Thursday, December 6, 2012

Where you shop


At a regional development meeting the guest speaker started his presentation with the question -what were the three most visited locations in south eastern Pennsylvania? It was no great surprise that number one was the Liberty Bell / Independence Hall in Philadelphia. Number two was the Amish Country of Lancaster County and number three was the Cabela's sporting goods store just outside of Hamburg (that was a surprise).

Hamburg is a typical small Pennsylvanian city. It's look is dominated by lots red brick and stone work with plenty of architectural examples from the 1880's - 1920's. From a distance Hamburg looks like it was built by the most dedicated model railroad enthusiast. If you were trying to find it on a map, it's at the intersection of highways 61 and 78 about 15 miles (25 km) due north of Reading.


Cabela's is no ordinary sporting goods store. It's 250,000 square feet of shopping space (23,000 sq. meters).

In the next 30 years polar bears might be extinct in the wild but there are a mounted pair of them on display at Cabela's. Through out the store there are several major dioramas that would be the envy of any natural history museum as well as a huge fresh water aquarium stocked with game fish in a recreation of a perfectly natural setting.   


Below is a a sales display using an airplane that hangs from the ceiling. That is not a model of an airplane but actually a real airplane. It gives an idea of how big this one store is.



Photos from under the airplane looking down on the main floor.





Cabela's is a huge corporation as big as it stores. It has about fifteen thousand employees, a revenue of three billion dollars and about three dozen other retail locations across North America backed up with their worldwide catalogue business.

Cabela's pays no real estate taxes. They have a long tern tax abatement agreement. These days many of your big box stores negotiate this first before they build. Some call it corporate welfare others say it's an economic incentive. One thing that's troubling is how no one really keeps track of the economic growth afterwards, so there's no way to tell if the incentives expanded the economic pie or just shifted money from one group to another. A second troubling trend is how the incentives have escalated, where new retailers are allowed to keep the money collected as state sales tax or even get direct cash subsidies from state and local governments.

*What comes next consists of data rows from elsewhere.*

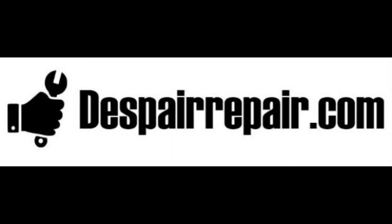We hope this video was helpful. If you liked it, please click the subscribe button. For more information on how to do checkups and simple repairs around the car, be sure to visit us at DespairRepair.com.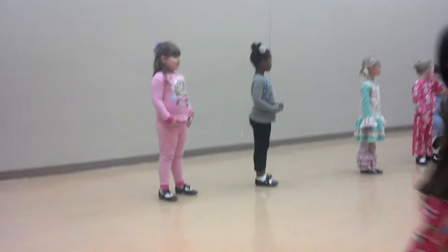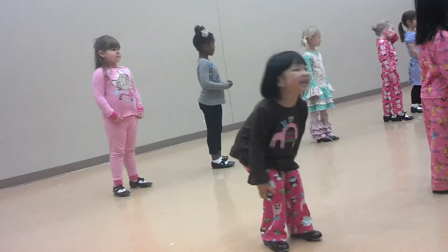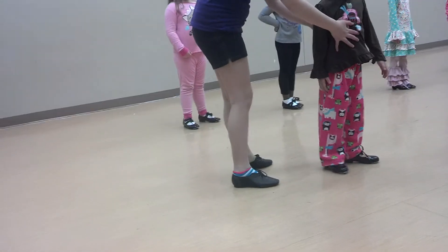Yeah, huh? Okay, let's go right now. I'm out right there. Okay. Ready? Stephanie, we have. Thank you.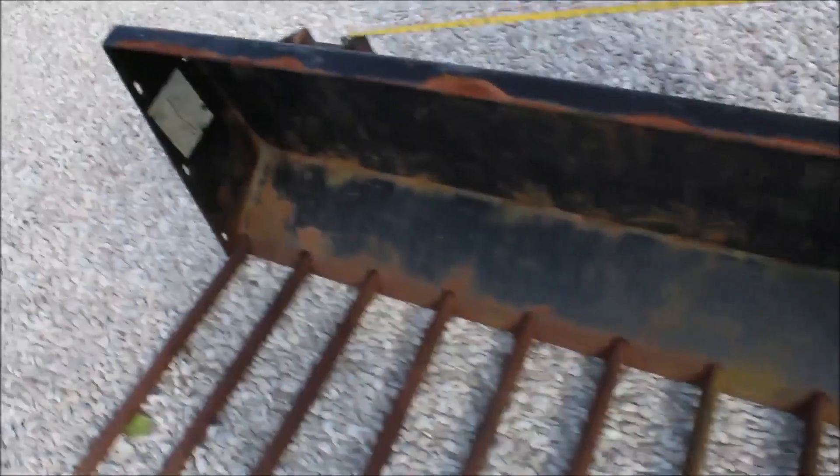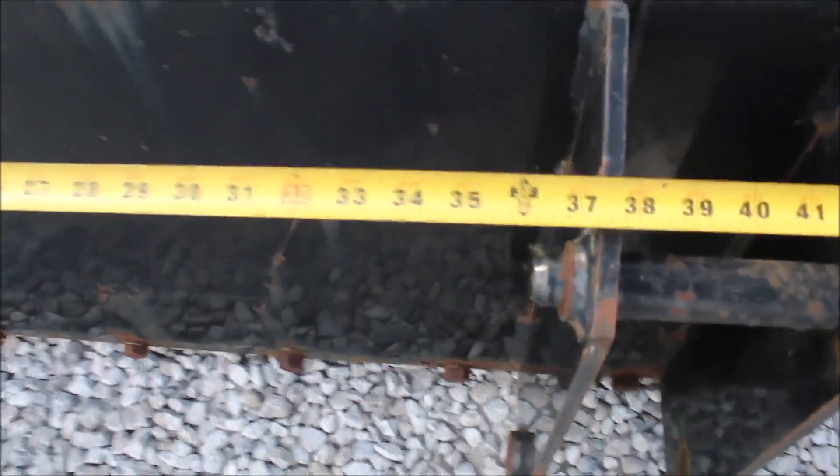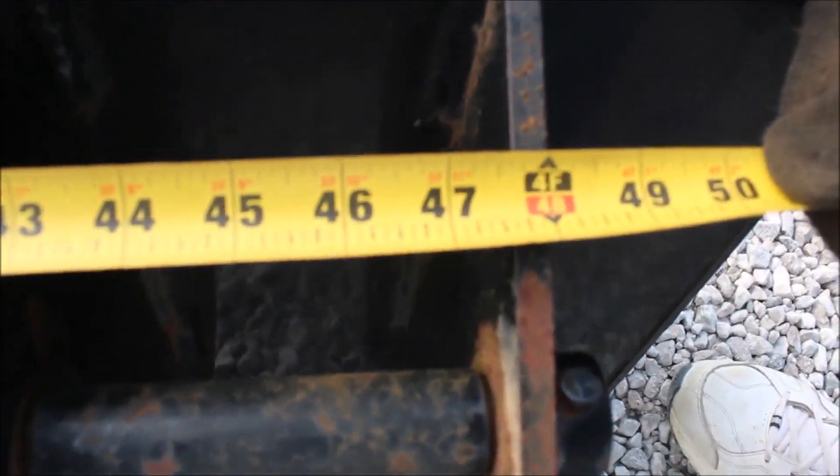I'm going to give you the measurements back here in the back. Come here and watch your quick measure — very careful. 37 and 3 quarters inches, that's the inside. Right here to the inside. It's 47 and 5 eighths.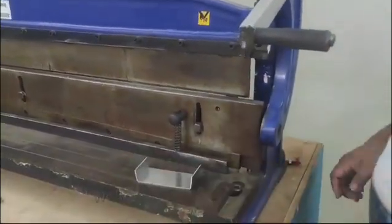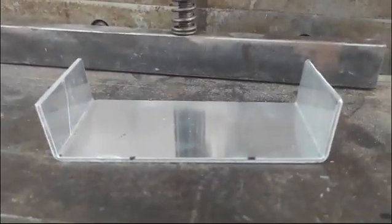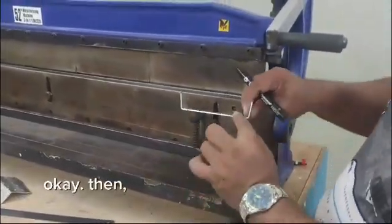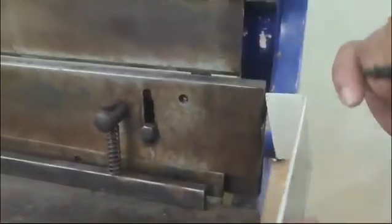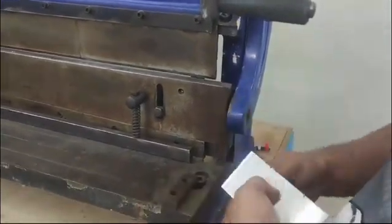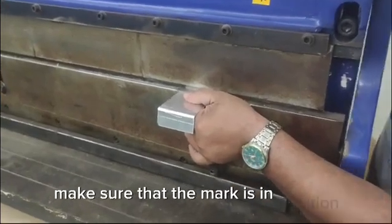As you can see, we've bent it in 9 minutes. Okay, then transfer the mark from here to the back. Make sure that the mark is in position.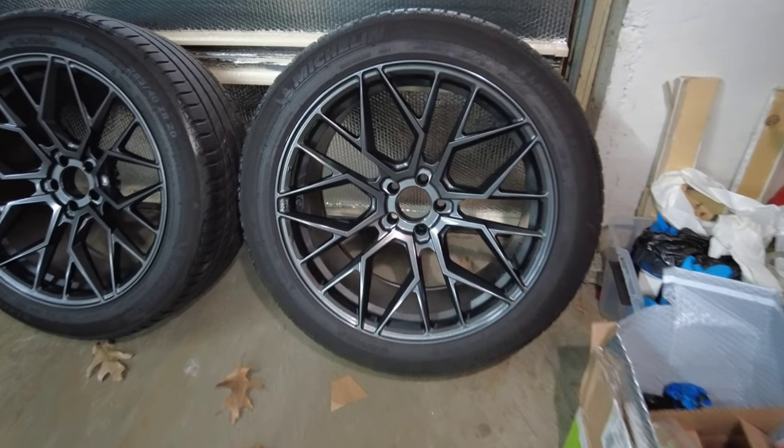They are done. They dried for a little over an hour. I demasked all of them and I'm going to let them cure for multiple days — three to five days is what's recommended before washing. Luckily I don't have to mount and drive them right away, so I'll use the five-day mark to make sure they're mint before getting them wet. Let's see what they look like.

In the last few years, surrounding Cabela's, a Lowes and Wal Mart have been built. About a dozen fast food restaurants  three car dealerships and hotel also been constructed on what was forest and farmland. From what I understand most these retailers also get some kind of economic intensive to do what you think any business would naturally do on it's own.

So instead of paying for new schools, repairing bridges or keeping up with the core functions of government, tax money is going to big box retailers to put the local Mom & Pop stores out of business. Small businesses are forced to pay taxes that their competitors are exempt from. These days more people drive past Hamburg than through it. It's becoming the story of so many small towns in America where opportunity vanishes for the individual and where money doesn't really circulate in a community but is instead strip mined out and sent off to a distant group of stockholders. Think about it as you shop this holiday season.